◆ **Description of the task**: Below are some records; output exactly the lines from the line with "484 - A Set" to the line with "Собаки Миньоны", both ends kept, and nothing more.

◆ **Recorded information**:
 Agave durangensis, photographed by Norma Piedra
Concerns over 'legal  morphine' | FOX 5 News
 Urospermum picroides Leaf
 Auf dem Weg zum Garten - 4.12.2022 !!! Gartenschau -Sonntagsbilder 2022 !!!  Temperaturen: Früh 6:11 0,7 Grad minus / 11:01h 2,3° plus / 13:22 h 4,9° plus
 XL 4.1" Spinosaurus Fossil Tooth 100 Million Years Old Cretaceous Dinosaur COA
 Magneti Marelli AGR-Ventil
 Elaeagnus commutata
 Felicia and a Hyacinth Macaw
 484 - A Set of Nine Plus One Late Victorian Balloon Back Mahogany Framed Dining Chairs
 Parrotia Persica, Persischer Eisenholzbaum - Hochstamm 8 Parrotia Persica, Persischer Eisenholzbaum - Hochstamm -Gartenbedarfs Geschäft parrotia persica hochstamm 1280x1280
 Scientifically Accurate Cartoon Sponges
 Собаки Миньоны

* * *

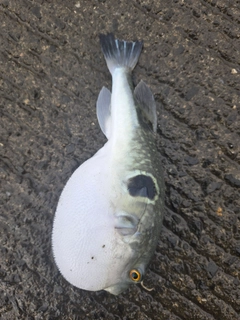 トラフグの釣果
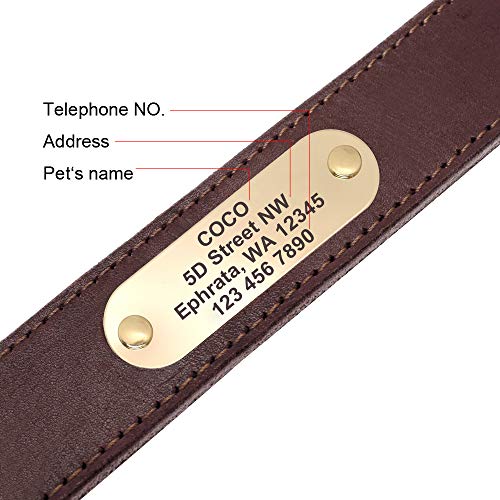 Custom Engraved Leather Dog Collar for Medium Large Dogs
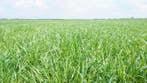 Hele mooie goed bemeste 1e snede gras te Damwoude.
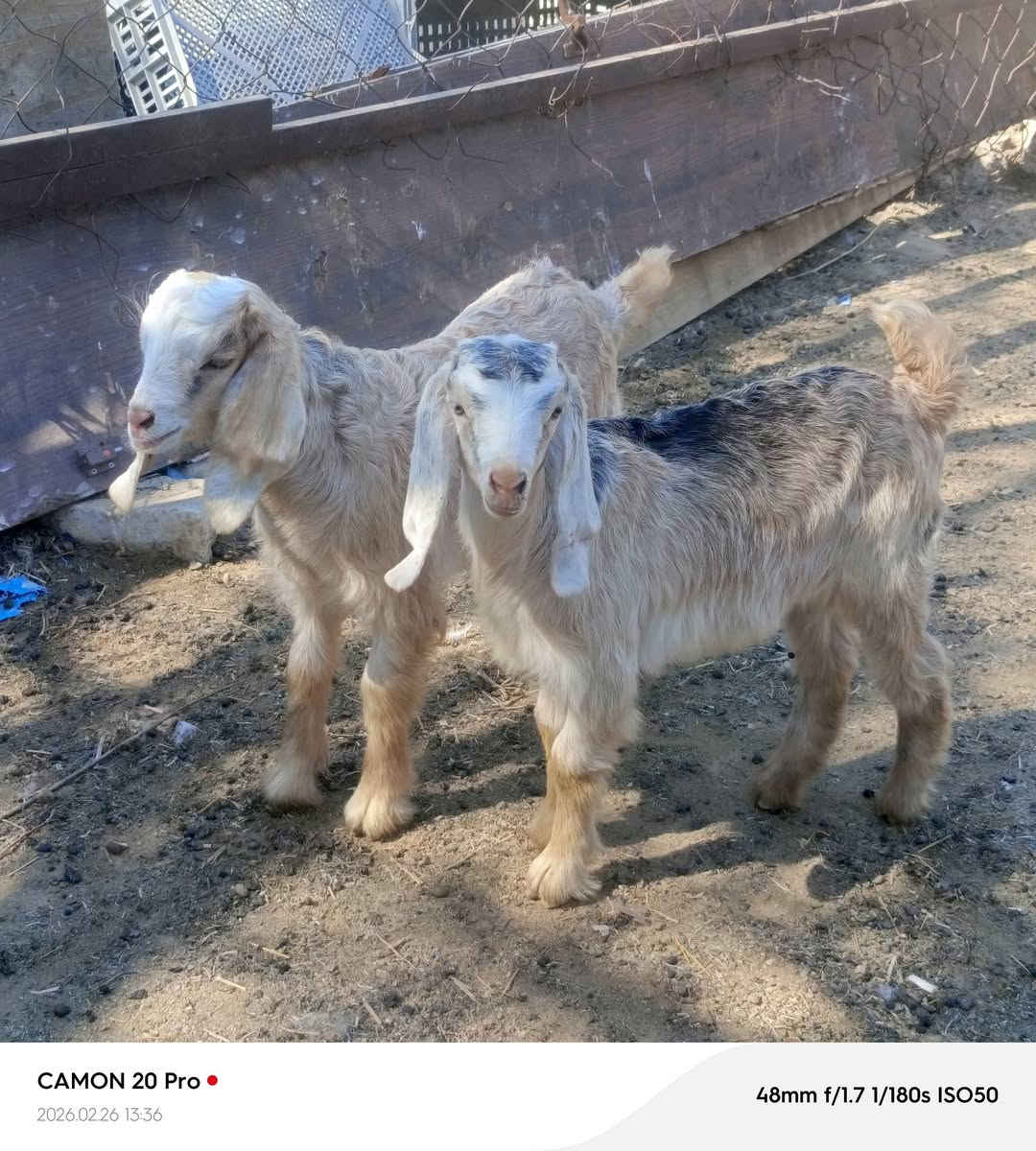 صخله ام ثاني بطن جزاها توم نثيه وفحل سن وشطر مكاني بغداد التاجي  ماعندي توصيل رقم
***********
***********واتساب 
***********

--

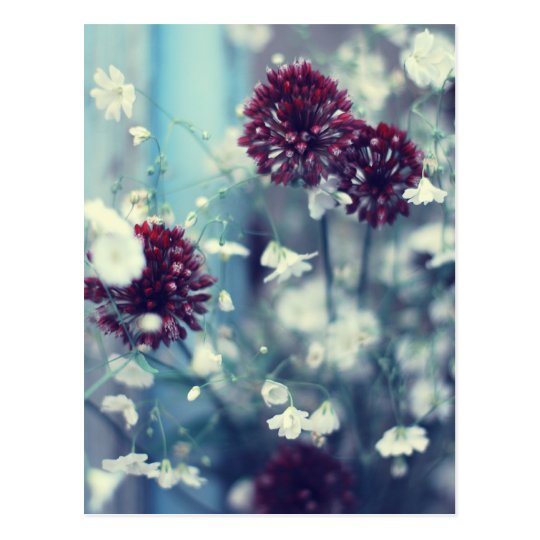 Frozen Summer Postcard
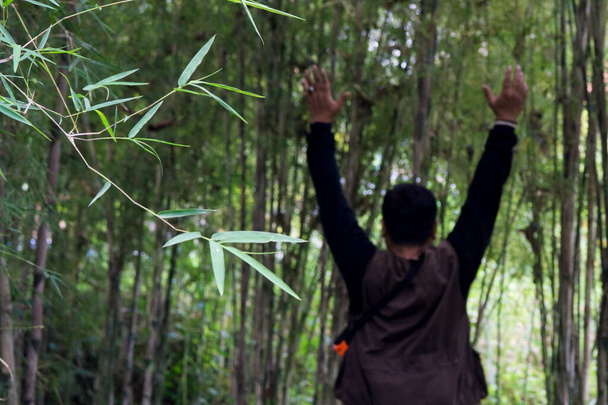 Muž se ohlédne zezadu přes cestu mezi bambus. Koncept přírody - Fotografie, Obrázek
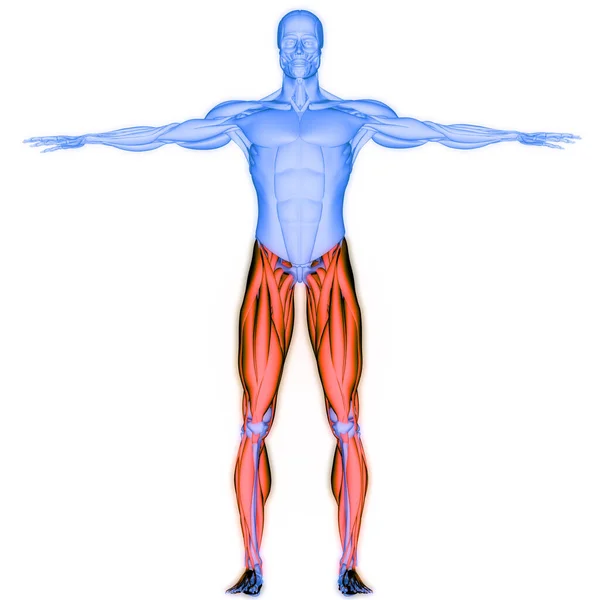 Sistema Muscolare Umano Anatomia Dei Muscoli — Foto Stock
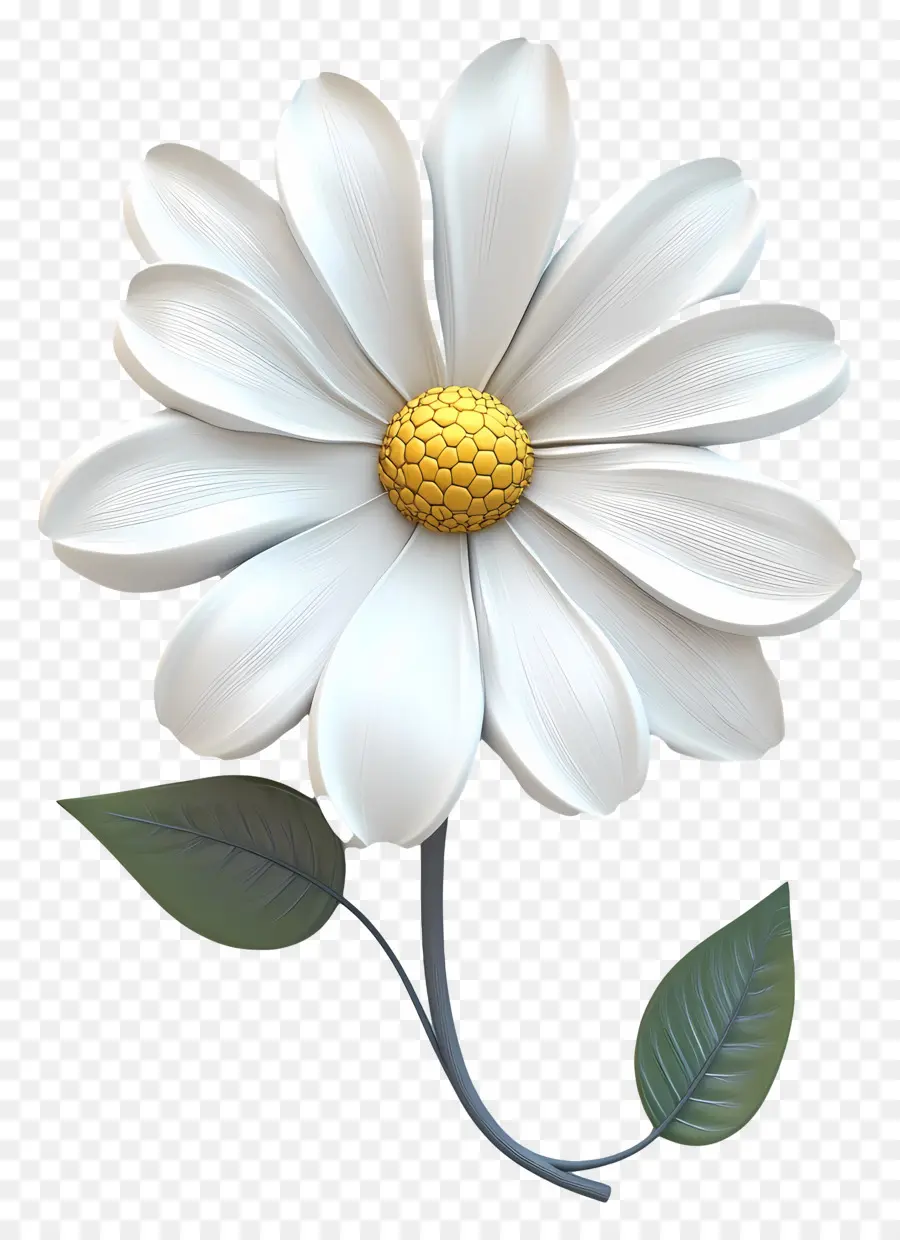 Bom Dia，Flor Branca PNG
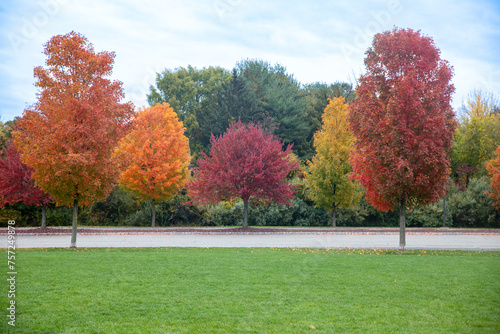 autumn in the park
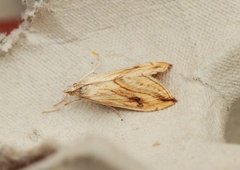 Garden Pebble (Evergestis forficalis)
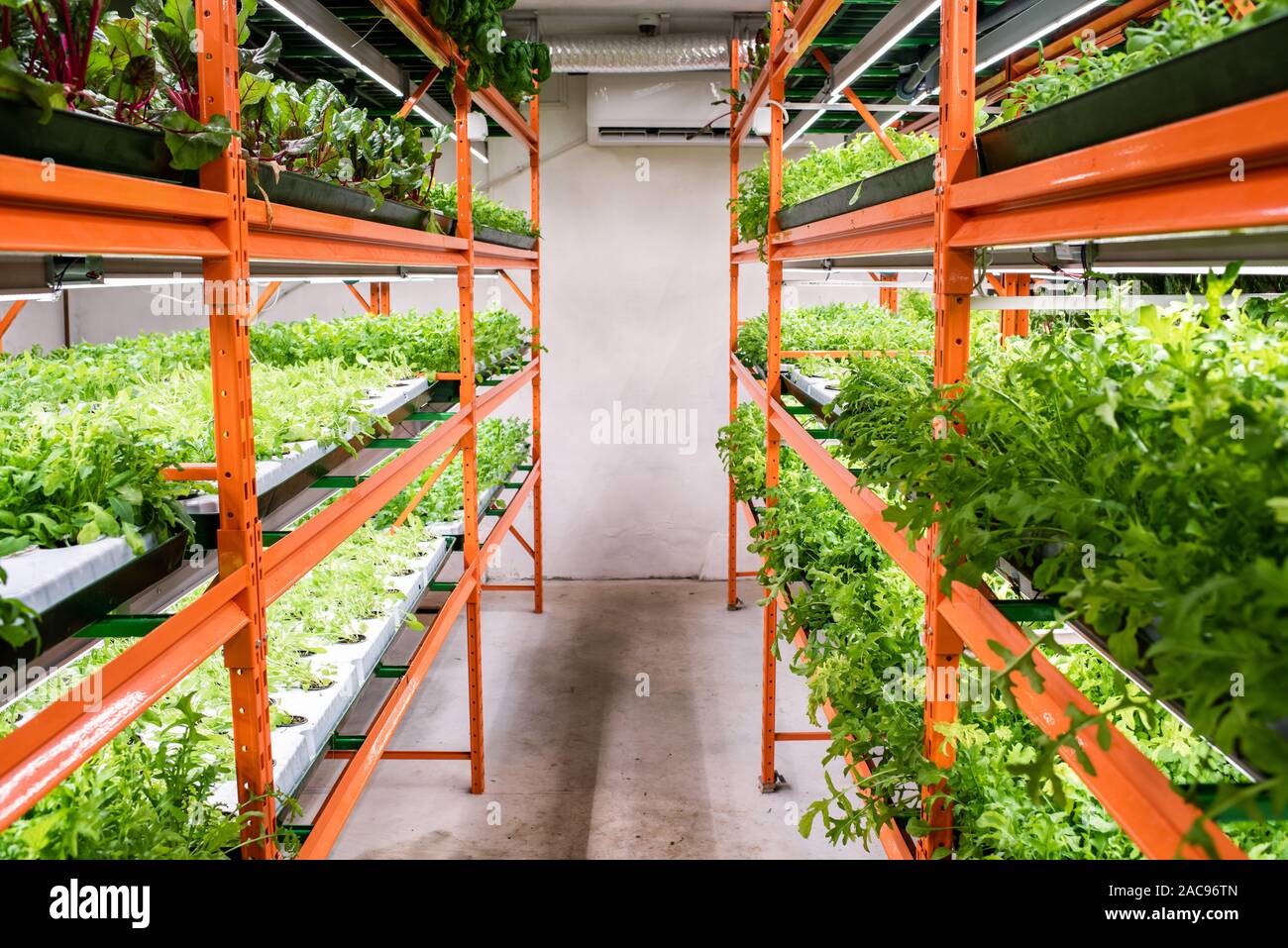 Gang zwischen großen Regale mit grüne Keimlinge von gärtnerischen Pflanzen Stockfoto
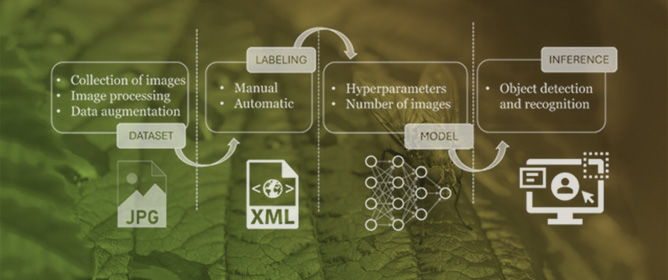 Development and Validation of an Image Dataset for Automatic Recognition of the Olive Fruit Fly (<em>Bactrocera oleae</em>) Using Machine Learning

◆ **Output of the exercise**:
 484 - A Set of Nine Plus One Late Victorian Balloon Back Mahogany Framed Dining Chairs
 Parrotia Persica, Persischer Eisenholzbaum - Hochstamm 8 Parrotia Persica, Persischer Eisenholzbaum - Hochstamm -Gartenbedarfs Geschäft parrotia persica hochstamm 1280x1280
 Scientifically Accurate Cartoon Sponges
 Собаки Миньоны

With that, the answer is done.